To help foster this change, the insurance industry developed a new form of health plan carrying a low premium and a deductible -- the amount a customer must pay out of pocket each year before the insurance kicks in -- of $5,000 or more.
The federal rule changes in 2003 required anyone opening a health savings account to be covered by a qualified high-deductible plan, giving the insurance industry a convenient hook to market the products in tandem. The idea was that the tax break provided by HSAs would give individuals a greater incentive to buy a high-deductible plan.

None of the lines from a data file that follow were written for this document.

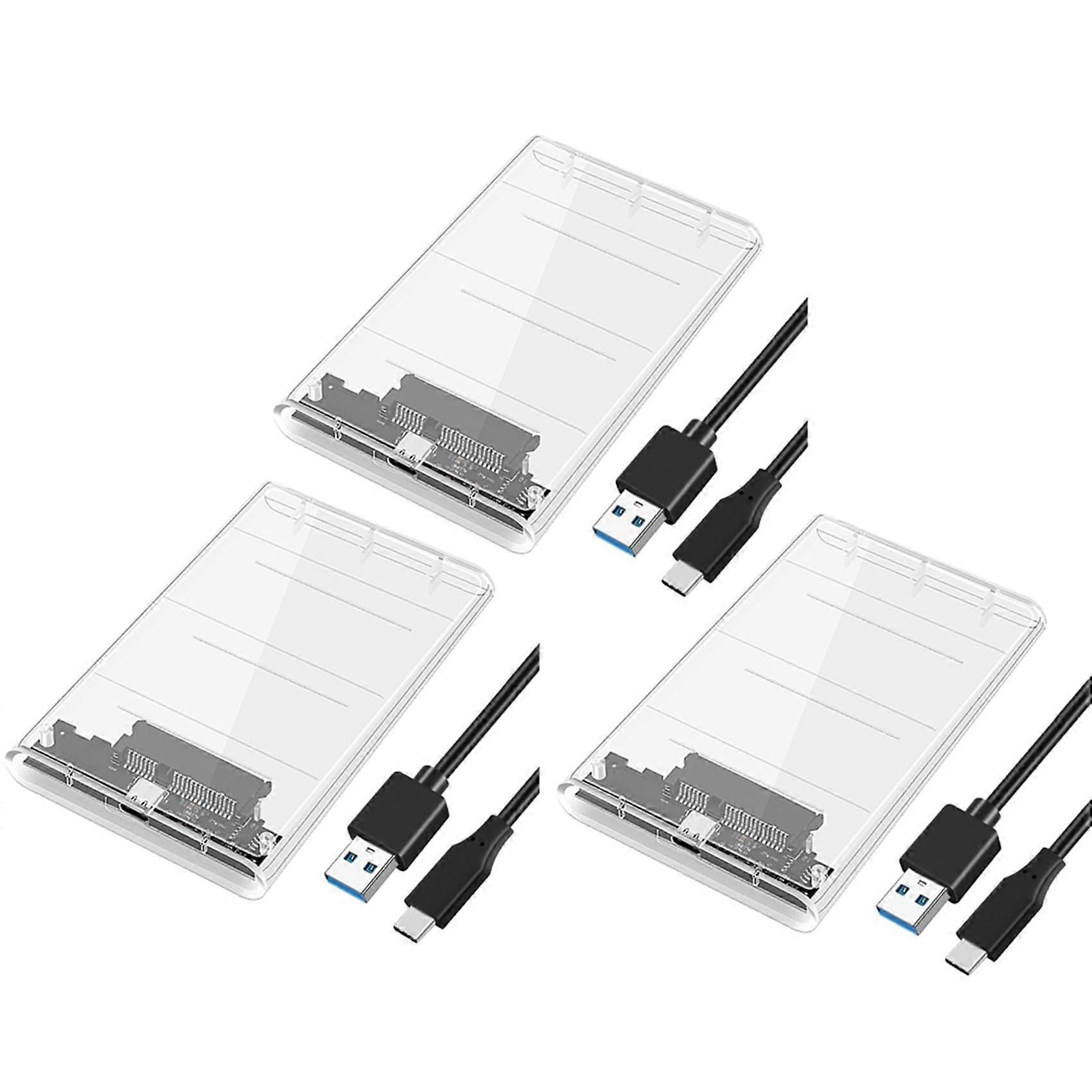 3X USB3.0/Type-C HDD Enclosure of 2.5 Inch Hard Disk Case SSD to SATA3 USB 3.0 Transparent HDD Box USB C HDD Case 5Gbps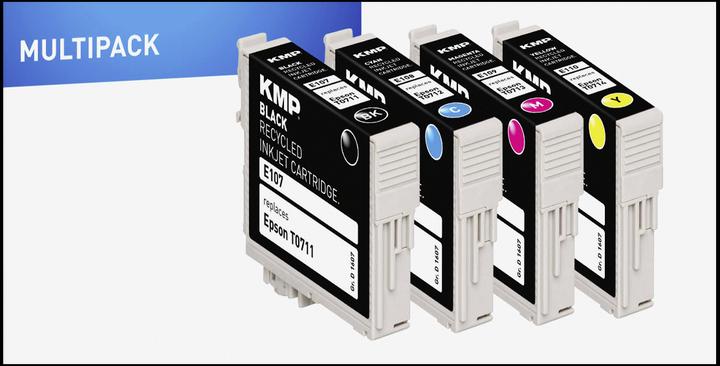 Produktbild KMP E107V Multipack BK/C/M/Y kompatibel mit Epson T 071 (M, C, Y, BK)
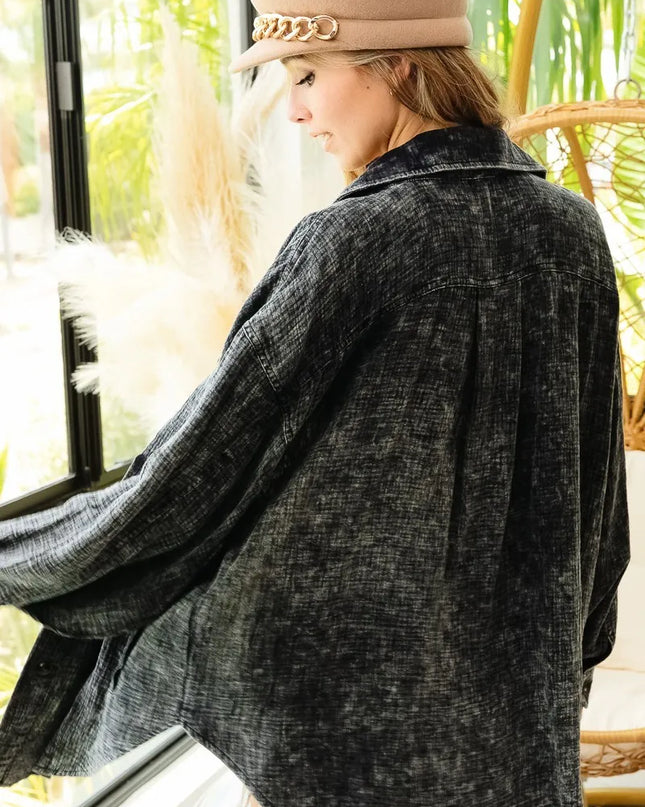 BiBi Vintage Washed Wrinkle Gauze Shacket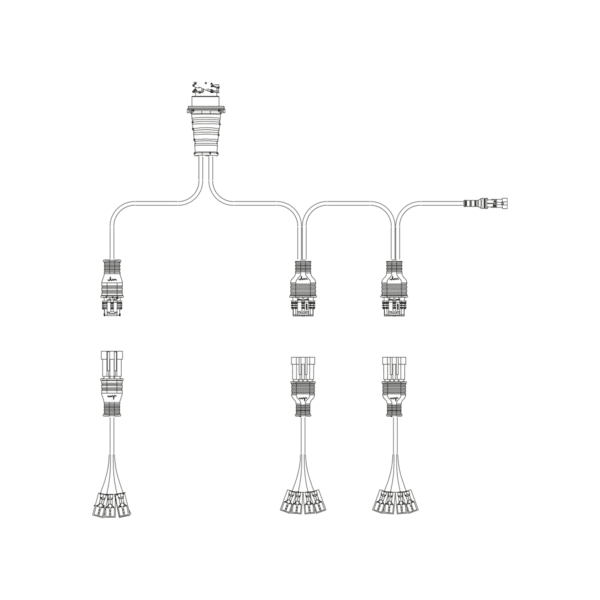 Y-kabel tbv 3 achterlichten (schuifconn.) incl. zijkabel - Afbeelding 1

Among the earliest promoters of HSAs were John Goodman of the National Center for Policy Analysis, a Dallas think tank that was instrumental in pushing President Bush's Social Security privatization plan, and J. Patrick Rooney, a libertarian insurance executive who had promoted a school voucher program in his hometown of Indianapolis.
Their first victory came in 1996, when Congress approved a four-year pilot program providing limited tax relief for what were then known as medical savings accounts. Rooney and his supporters pressed Congress to expand the concept. In 2003 they succeeded. Contribution limits were raised sharply and indexed to inflation. (In 2008, the limits are $2,900 for individuals and $5,800 for couples.)
Under the rules, contributions to HSAs are tax-exempt, as are their investment gains. Withdrawals are also tax-exempt if they are used for qualified medical expenses. Over time, HSA balances could grow to hundreds of thousands of dollars.
Already, HSAs and high-deductible plans have made strong gains in the marketplace. America's Health Insurance Plans, the industry lobbying group, reported that 6.1 million Americans were covered by high-deductible plans by the end of 2007, a 35% gain from a year earlier.
Only a fraction of those customers have also opened an HSA, however. That has led to charges from critics that the savings accounts function more as a tax shelter for wealthy taxpayers than as a tool to manage healthcare costs. A study this year by the Government Accountability Office found that the average taxable income among HSA holders as of 2005 was $139,000, more than double the average for all taxpayers.
The GAO also found that average withdrawals per year were less than half of contributions, suggesting that the account holders were building up retirement savings.
'Nothing is covered, absolutely nothing'
There is evidence that enrollment in high-deductible plans has grown not because the plans offer greater value but because they are often the only plans that customers can afford -- and sometimes the only plans an insurer will offer applicants with chronic conditions such as asthma, diabetes or depression.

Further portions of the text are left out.